Archive pour November, 2010

Reach out and touch someone

29 November 2010

The debate on the pertinence of classical music has become tiresome to say the least. Is it still possible for the classical performers to reach out and touch the young? Is there a way to make classical music more accessible to all without toning it down too much? There has to be a way, of course! Audio engineer, composer and guitarist Josh McNeill is fed up with all this non-sense and takes a stand in a recent post on his blog.

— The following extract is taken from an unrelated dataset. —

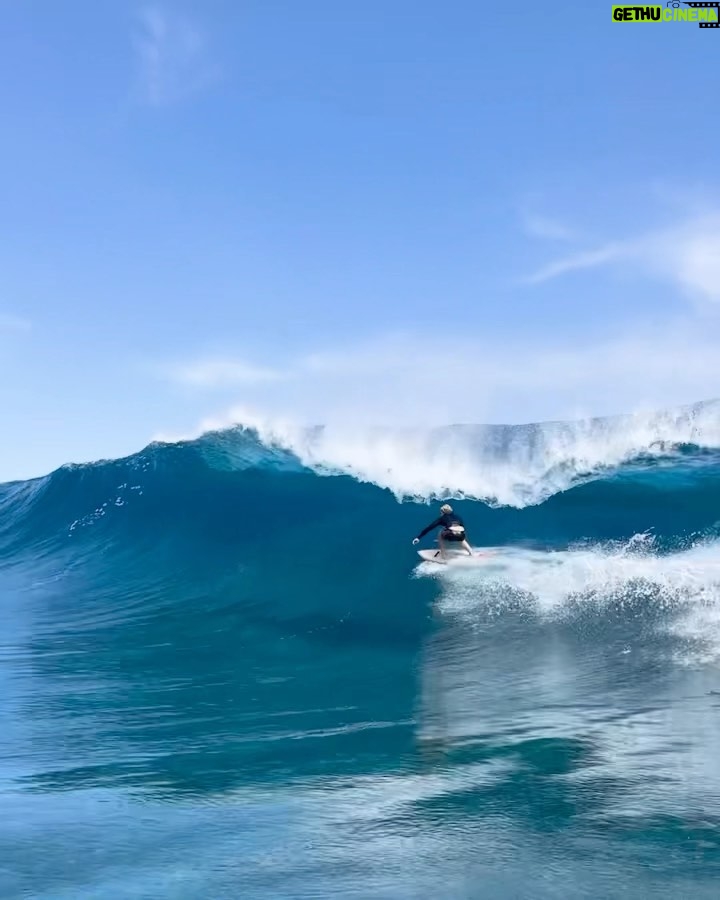 John John Florence Instagram - Our first few days in Tahiti have been non stop and a lot of fun 😂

“The implication here being that young people simply can’t hear the greatness that is classical music. The music is simply too complex for their dumbed down ears. This sort of statement doesn’t seem to phase the classical audience that will likely be reading it but anyone who’s not already in that circle is probably going to feel, as I did, that this is a bit of a shot at those who listen to popular music.

The intentions in all of this are great. We need more people asking questions about why the classical audience is aging and trying to find out what will keep this tradition vibrant but it’s at least a little ironic to me that the very people doing this tend to perpetuate some really bad PR. It’s all seems to add up to people asking, “How can we get people to step up to our level?” As opposed to asking, “How can we make ourselves relevant to a world that doesn’t even know we’re here anymore?””

You can read it all here…

Maybe you’ll also want to consider the new reading of Bach’s Well-Tempered Clavier by German breakdancers Flying Steps, performing tonight and tomorrow night at St. James United Church?

Food and Opera

26 November 2010

You love opera and are an admitted gourmet? Do your tastebuds get excited when there is mention of food or if there is a banquet in an opera scene? This game is for you (and may not be as easy as it looks).

You’ll get to listen to six unidentified excerpts from the operatic stage. Then you can match each food-focused morsel with the correct culinary image. Have fun here…

Violinist Timothy Chooi wins the OSM Competition

24 November 2010

Last weekend, the 71st edition (for strings and harp) of the OSM Standard Life Competition came to an end. The 16-year-old violinist Timothy Chooi was named the Grand Prize winner. Yesterday, he performed the Sibelius Violin concerto twice with the OSM: first as part of a concert last night and earlier the same day, at an open dress rehearsal for a student audience.

A new feature at the Competition this year: in the framework of a “mentoring” component, 11 OSM musicians spent time with the 20 semi-finalist candidates this year. The young musicians taking part in the rounds were able to benefit from professional musicians’ support and advice, a happy contact adding even more to what is already the enriching and educational experience of the OSM Standard Life Competition.

Saint Cecilia

22 November 2010

November 22, St. Cecilia’s Day, patron saint of musicians. But who is this mysterious St. Cecilia?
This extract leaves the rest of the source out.